1/2 kg small Brinjals cut into halves,

3 potatoes peeled and chopped into quarters,

2 capsicums cut into quarters,

3 tablespoons coconut paste,
3 onions chopped,

2 tablespoons coriander leaves,

4 cloves,

6 or 8 whole pepper corns,

1 teaspoon cumin seeds,

½ teaspoon turmeric powder,

2 tablespoons chillie powder,

3 tablespoons tamarind juice,

3 tablespoons oil,

Salt to taste
Heat oil in a pan and fry the cloves, pepper corns and cumin seeds for a minute. Add the onions and sauté till golden brown. Add the brinjals, capsicums and potatoes and all the other ingredients and mix well. Add 2 cups of water and cook covered till the potatoes and brinjals are cooked. Simmer till the gravy thickens. Serve with rice or chapattis or rotis.

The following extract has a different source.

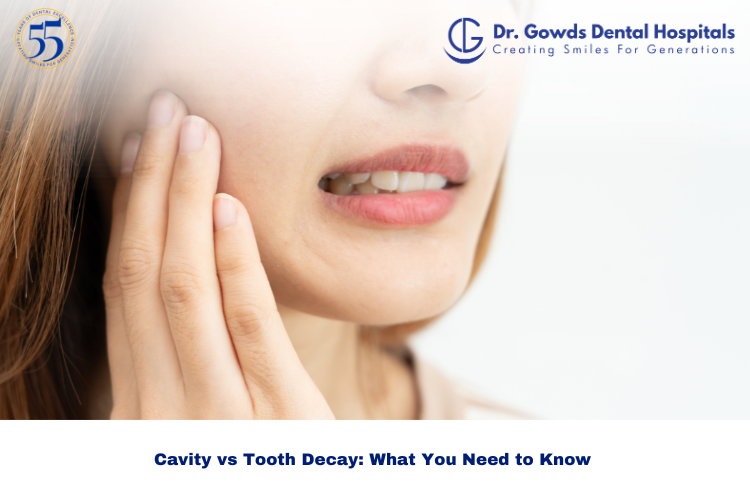 Tooth Decay vs Cavity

STUFFED SERPENT GOURD CURRY

STUFFED SERPENT GOURD OR SNAKE GOURD CURRY
This is a typical Anglo-Indian dish, where ground seasoned beef or lamb / mutton is stuffed in hallowed out segements of serpent gourd, then simmered in a slightly spiced gravy sauce. It goes well with either white steamed rice or ant flavoured rice. Tastes yummy
1 kg beef or mutton mince
1 medium sized snake gourd ( scrape it slightly)
3 medium sized onions chopped
3 large tomatoes pureed
½ cup coconut paste
A small bunch of coriander leaves chopped
2 teaspoons ginger garlic paste
3 teaspoons chilly powder
1 teaspoon spice powder
2 teaspoons coriander powder
½ teaspoon tumeric powder
Salt to taste
2 green chilies chopped
3 tablespoons oil.

Wash the snake gourd, remove the inside and cut into 2 inch pieces. Marinate the mince with a teaspoon of chilly powder, tumeric powder, a little salt and some chopped coriander leaves. In a pan heat the oil and fry the chopped onions till golden brown. Add the ginger garlic paste and sauté for some time. Add the chilly powder, coriander powder, spice powder, green chilies, coconut and salt and fry for a few minutes .Add the tomato puree and fry till the oil separates from the masala. Now add 2 cups of water and bring to boil. Meanwhile stuff the snake gourd rings with the marinated mince. Pack each ring tightly so that the mince does not fall out. Slowly drop the stuffed snake gourd pieces into the boiling curry and cook on low heat till the gravy is sufficiently thick and the mince is cooked. Garnish with chopped coriander leaves. Serve hot with coconut rice or plain rice.

ANGLO-INDIAN STYLE MUTTON DO-PIAZA also known as Double Onions Mutton Curry or Twice the Onions Curry

ANGLO-INDIAN STYLE MUTTON DO-PIAZA also known as Double Onions Mutton Curry or Twice the Onions Curry

Dopiaza Mutton or Chicken Dishes were very popular in Anglo-Indian homes in Calcutta and across Bengal. Do Piaza when translated literally means “two onions,”. This means that the Do Piaza Curry is prepared with almost double the quantity of onions as compared to a normal Meat or chicken curry. In a Dopiaza Curry, half the quantity of the onions are added raw while cooking the curry and the remaining onions are fried and added to the dish at the end.  The prominent flavour of onions gives a slight sweet taste to the curry.

 

Serves 6           Time required: 1 hour

Ingredients

½ kg Mutton

4 large onions sliced

1 large tomato chopped

2 bay leaves

2 teaspoon chillie powder

1 teaspoon ginger garlic paste

1 teaspoons coriander powder

1 teaspoon all spice powder or garam masala powder

2 tablespoons lime juice

Salt to taste

3 tablespoons oil

2 green chillies sliced

2 cloves

2 cardamoms

2 one pieces of cinnamon

2 tablespoon curds / yoghurt

 

Marinate the mutton with chillie powder, ginger garlic paste, coriander powder, spice powder / garam  masala powder and salt and keep aside for 1 hour.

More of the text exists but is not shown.